Explore failing //lte/gateway/c/core/oai/test/mme_app_task:mme_procedures_test with --config=asan #11955

themarwhal · 2022-03-04T00:05:07Z

Passes with --config=lsan and without --config.
With --config=asan we get the logging:

TASK_MME_APP terminated
lte/gateway/c/core/oai/test/mme_app_task/test_mme_procedures.cpp:2435: Failure
Actual function call count doesn't match EXPECT_CALL(*s1ap_handler, s1ap_mme_handle_handover_command( check_params_in_mme_app_handover_command( mme_ue_s1ap_id, new_enb_id)))...
         Expected: to be called once
           Actual: never called - unsatisfied and active
lte/gateway/c/core/oai/test/mme_app_task/test_mme_procedures.cpp:2424: Failure
Actual function call count doesn't match EXPECT_CALL(*s1ap_handler, s1ap_mme_handle_handover_request( check_params_in_mme_app_handover_request( mme_ue_s1ap_id, 0)))...
         Expected: to be called once
           Actual: never called - unsatisfied and active

The text was updated successfully, but these errors were encountered:

themarwhal · 2022-03-07T23:01:41Z

Thanks @LKreutzer !

themarwhal · 2022-03-08T13:43:17Z

Actually, I seem to still see this test on master :o @LKreutzer are you seeing this too? (I can't tell if it's just flaky or not though)

LKreutzer · 2022-03-08T13:50:57Z

@themarwhal sorry about the confusion! Yes, the PR #11966 fixes only one asan error in the mme_procedures_test, but there are others that remain, which we have not been able to fix so far.

themarwhal · 2022-03-08T13:53:59Z

got it! Thanks ;D

LKreutzer · 2022-03-09T15:25:06Z

The remaining errors are in the TestFailedPagingForPendingBearers and TestS1HandoverSuccess tests.

It seems that for both tests the errors originate from a race condition on the EXPECT_CALL macros. In each test the two EXPECT_CALL macros seem to be running in parallel threads. We found that often only one of the MATCHER_P2 macros is called.

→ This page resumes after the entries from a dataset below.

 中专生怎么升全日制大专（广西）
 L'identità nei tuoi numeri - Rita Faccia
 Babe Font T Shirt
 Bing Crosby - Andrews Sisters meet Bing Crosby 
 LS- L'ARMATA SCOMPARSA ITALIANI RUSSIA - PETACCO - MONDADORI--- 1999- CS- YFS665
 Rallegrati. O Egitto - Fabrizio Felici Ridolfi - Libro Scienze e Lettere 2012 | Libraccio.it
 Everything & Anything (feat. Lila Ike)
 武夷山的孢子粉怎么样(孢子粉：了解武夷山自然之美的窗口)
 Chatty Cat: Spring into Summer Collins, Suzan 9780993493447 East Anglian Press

The behaviour seems to be undefined.

From the google mock doc "Important note: Google Mock requires expectations to be set before the mock functions are called, otherwise the behavior is undefined. In particular, you mustn't interleave EXPECT_CALL()s and calls to the mock functions." It might be that these EXPECT_CALL macros interleave in these cases.

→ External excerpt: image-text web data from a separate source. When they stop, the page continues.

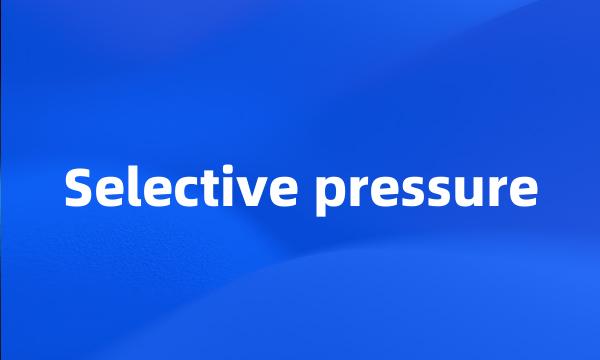 Selective pressure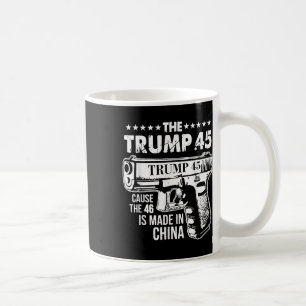 The Trump 45 Cause The 46 Is Made In China Coffee Mug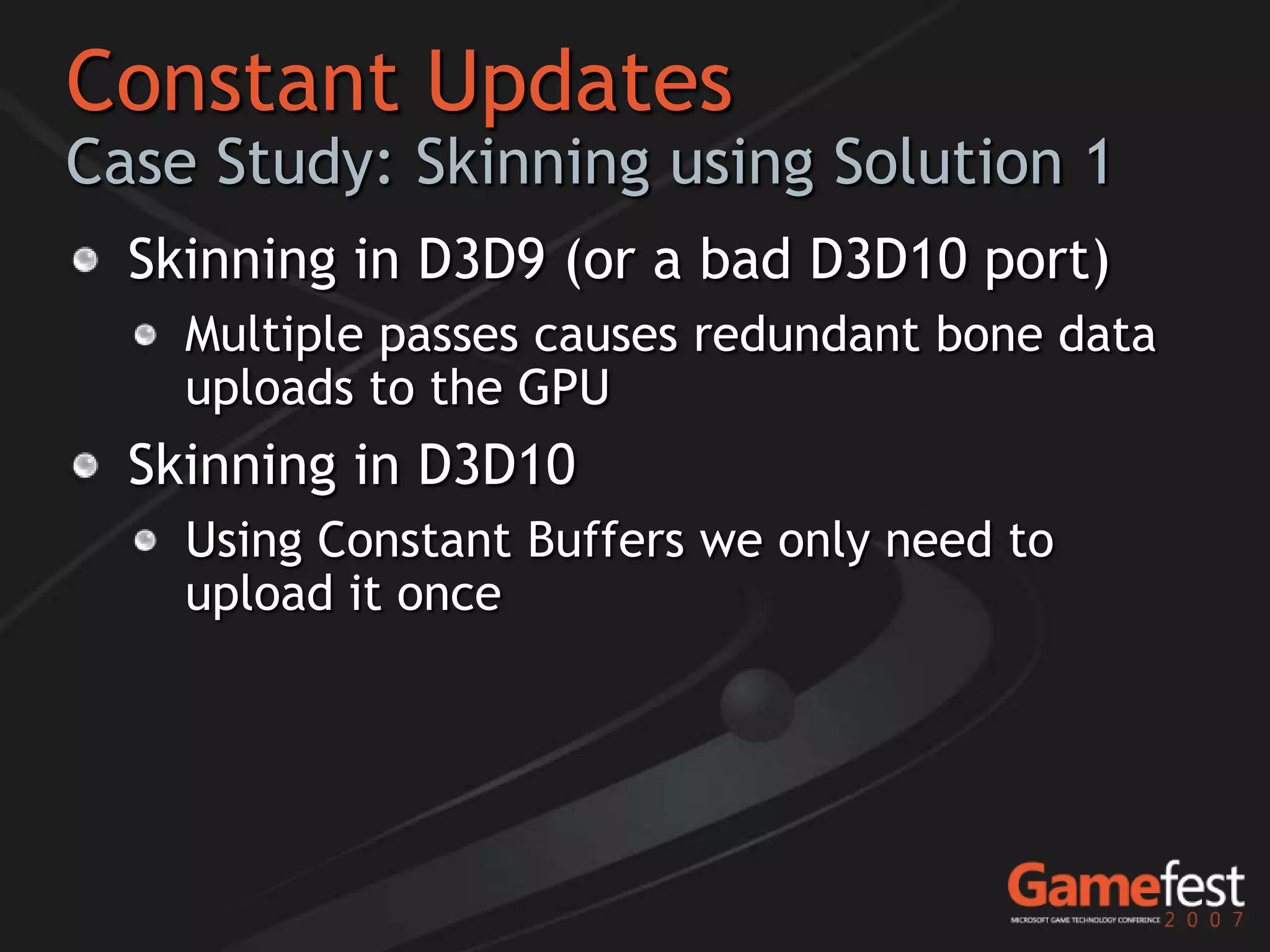 Constant Updates
Case Study: Skinning using Solution 1
  Skinning in D3D9 (or a bad D3D10 port)
    Multiple passes causes redundant bone data
    uploads to the GPU
  Skinning in D3D10
    Using Constant Buffers we only need to
    upload it once
 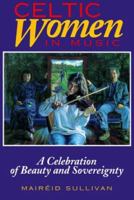 Celtic Women in Music: A Celebration of Beauty and Sovereignty 1550822462 Book Cover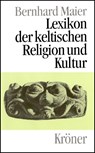 Lexikon der keltischen Religion und Kultur - Bernhard Maier - 9783520466013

We experimented with adding testing::Mock::VerifyAndClearExpectations(s1ap_handler.get()); or .InSequence(seq) but so far without success.

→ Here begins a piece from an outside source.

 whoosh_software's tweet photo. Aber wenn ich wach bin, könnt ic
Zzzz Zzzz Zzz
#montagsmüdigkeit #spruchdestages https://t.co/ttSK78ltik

ssanadhya · 2022-03-15T20:44:12Z

@pruthvihebbani , could you please look at these failures? Several of these are stemming from the fact that EXPECT_CALL is registered after calling the function triggering the event in the EXPECT_CALL.

electronjoe · 2022-03-15T20:48:49Z

Reproduction

If you have access to GitHub Codespaces (you should if you are a member of GH Magma)
Go over to my Bazel prototype branch
Click on the Green colored Code drop down button
Select the Codespaces toggle
Select New Codespace and when asked select 16 core (why not!)
This will spin up a GitHub codespace that contains my branch
Once the codespace is up (vs code in browswer) in the terminal window type bazel test //lte/gateway/c/core/oai/test/mme_app_task:mme_procedures_test --config=asan and hit enter. This triggers a bazel build of all necessary components to run the test, then runs the test. You will see ASAN failures.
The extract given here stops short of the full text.